> TASK TO COMPLETE
Print the listing below a second time, exactly, and omit its images.

> INFORMATION PROVIDED

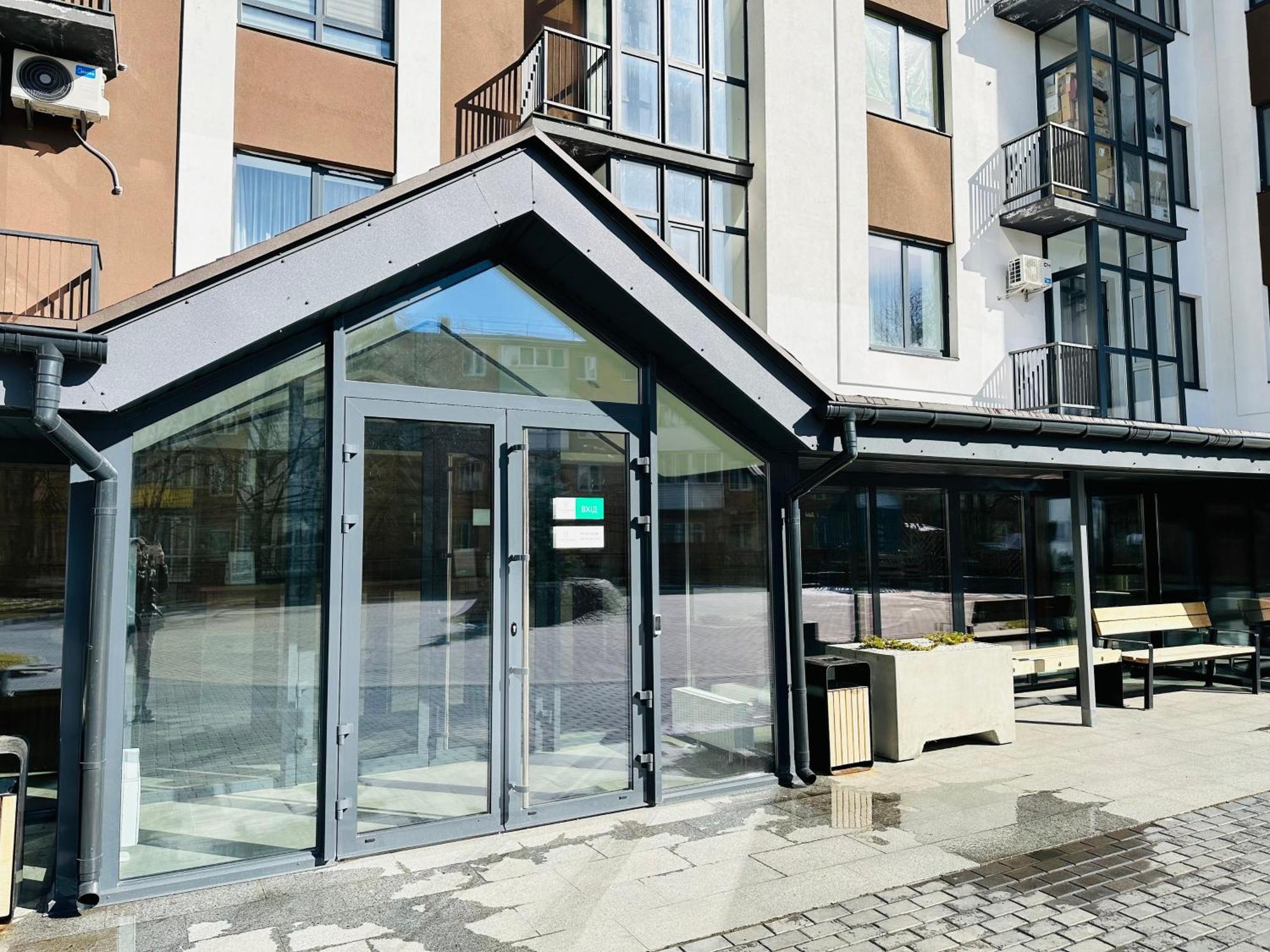 Modern Apartments With A Coffee Machine In The City Center, A View Of The City Rivne Exterior foto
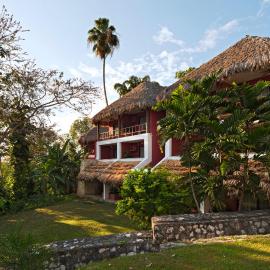 Camino Real Tikal‎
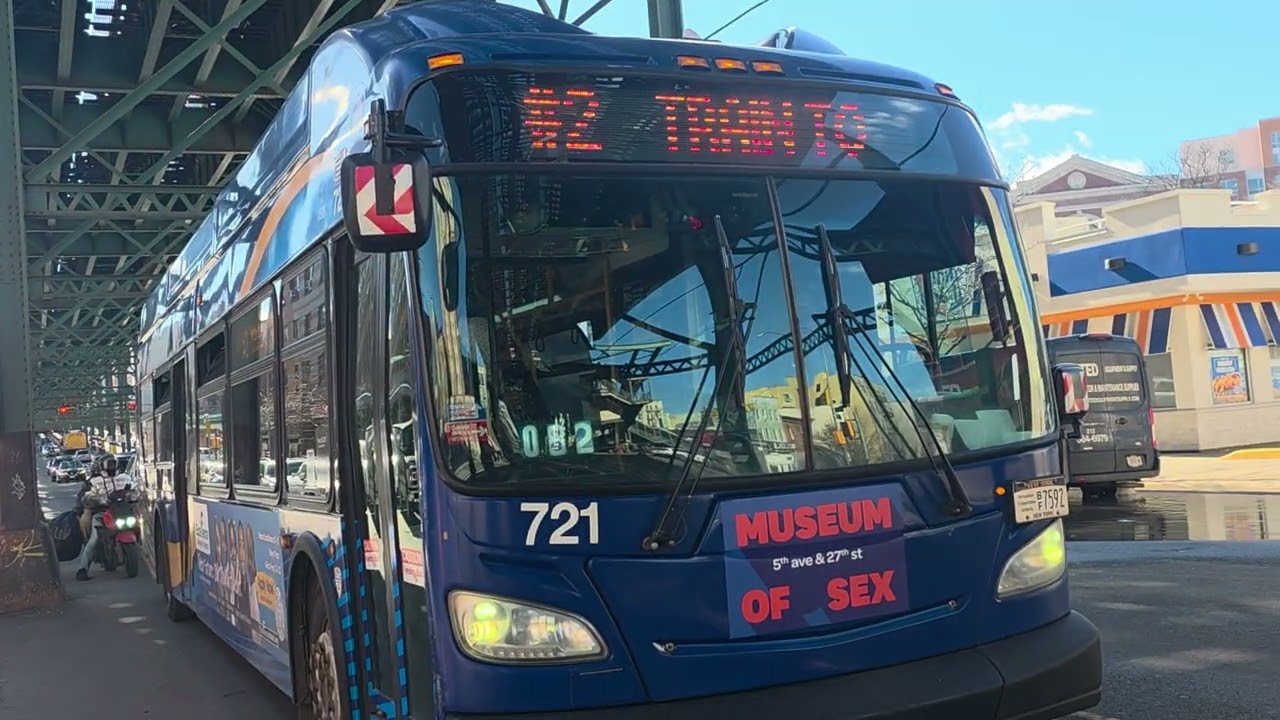 2 MTA bus service 2 shuttle & Bx4 in interval Avenue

> SOLUTION TO THIS EXERCISE
 Modern Apartments With A Coffee Machine In The City Center, A View Of The City Rivne Exterior foto
 Camino Real Tikal‎
 2 MTA bus service 2 shuttle & Bx4 in interval Avenue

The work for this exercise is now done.